> _REQUIRED ACTION_
Look through the lines below for the word "with", and copy every line that has it.

** RECORD EXTRACTS follows **

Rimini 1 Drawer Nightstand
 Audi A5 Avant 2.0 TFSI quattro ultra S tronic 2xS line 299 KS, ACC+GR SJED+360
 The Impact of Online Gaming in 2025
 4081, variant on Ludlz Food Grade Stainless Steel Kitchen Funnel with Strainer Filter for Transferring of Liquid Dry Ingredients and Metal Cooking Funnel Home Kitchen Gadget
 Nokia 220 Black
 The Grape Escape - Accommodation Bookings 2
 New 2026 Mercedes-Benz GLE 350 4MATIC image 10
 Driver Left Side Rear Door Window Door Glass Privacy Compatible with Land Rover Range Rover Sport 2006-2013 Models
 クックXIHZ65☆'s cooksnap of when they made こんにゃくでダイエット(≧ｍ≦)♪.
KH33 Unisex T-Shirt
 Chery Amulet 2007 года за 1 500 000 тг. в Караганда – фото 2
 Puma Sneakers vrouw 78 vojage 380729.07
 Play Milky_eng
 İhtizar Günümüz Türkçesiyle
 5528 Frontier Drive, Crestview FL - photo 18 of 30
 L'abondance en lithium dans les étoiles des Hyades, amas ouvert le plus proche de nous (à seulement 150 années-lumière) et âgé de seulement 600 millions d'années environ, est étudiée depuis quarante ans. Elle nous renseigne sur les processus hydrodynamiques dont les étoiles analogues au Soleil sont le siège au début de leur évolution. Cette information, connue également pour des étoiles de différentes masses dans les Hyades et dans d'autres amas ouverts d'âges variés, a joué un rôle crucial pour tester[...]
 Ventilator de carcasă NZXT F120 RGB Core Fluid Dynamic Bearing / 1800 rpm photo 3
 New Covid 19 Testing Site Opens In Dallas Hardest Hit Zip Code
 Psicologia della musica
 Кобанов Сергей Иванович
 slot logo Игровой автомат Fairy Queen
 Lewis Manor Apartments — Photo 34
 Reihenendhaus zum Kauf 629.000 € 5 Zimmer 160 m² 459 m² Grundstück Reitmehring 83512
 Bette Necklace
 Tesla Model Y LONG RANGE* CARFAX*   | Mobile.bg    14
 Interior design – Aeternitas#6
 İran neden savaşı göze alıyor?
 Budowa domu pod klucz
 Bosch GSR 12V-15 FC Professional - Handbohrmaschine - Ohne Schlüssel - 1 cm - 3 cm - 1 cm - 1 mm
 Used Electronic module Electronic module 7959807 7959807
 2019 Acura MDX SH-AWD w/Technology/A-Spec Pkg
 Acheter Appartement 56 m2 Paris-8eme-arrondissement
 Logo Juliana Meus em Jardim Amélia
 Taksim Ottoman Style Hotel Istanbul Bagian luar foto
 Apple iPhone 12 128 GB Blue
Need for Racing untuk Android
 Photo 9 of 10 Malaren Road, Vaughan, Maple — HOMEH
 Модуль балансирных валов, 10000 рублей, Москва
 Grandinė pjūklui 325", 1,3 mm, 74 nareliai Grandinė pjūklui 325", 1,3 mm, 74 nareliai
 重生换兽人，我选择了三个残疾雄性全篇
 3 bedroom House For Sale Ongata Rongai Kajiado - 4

** End of RECORD EXTRACTS **

> _SOLVED PROBLEM_
 4081, variant on Ludlz Food Grade Stainless Steel Kitchen Funnel with Strainer Filter for Transferring of Liquid Dry Ingredients and Metal Cooking Funnel Home Kitchen Gadget
 Driver Left Side Rear Door Window Door Glass Privacy Compatible with Land Rover Range Rover Sport 2006-2013 Models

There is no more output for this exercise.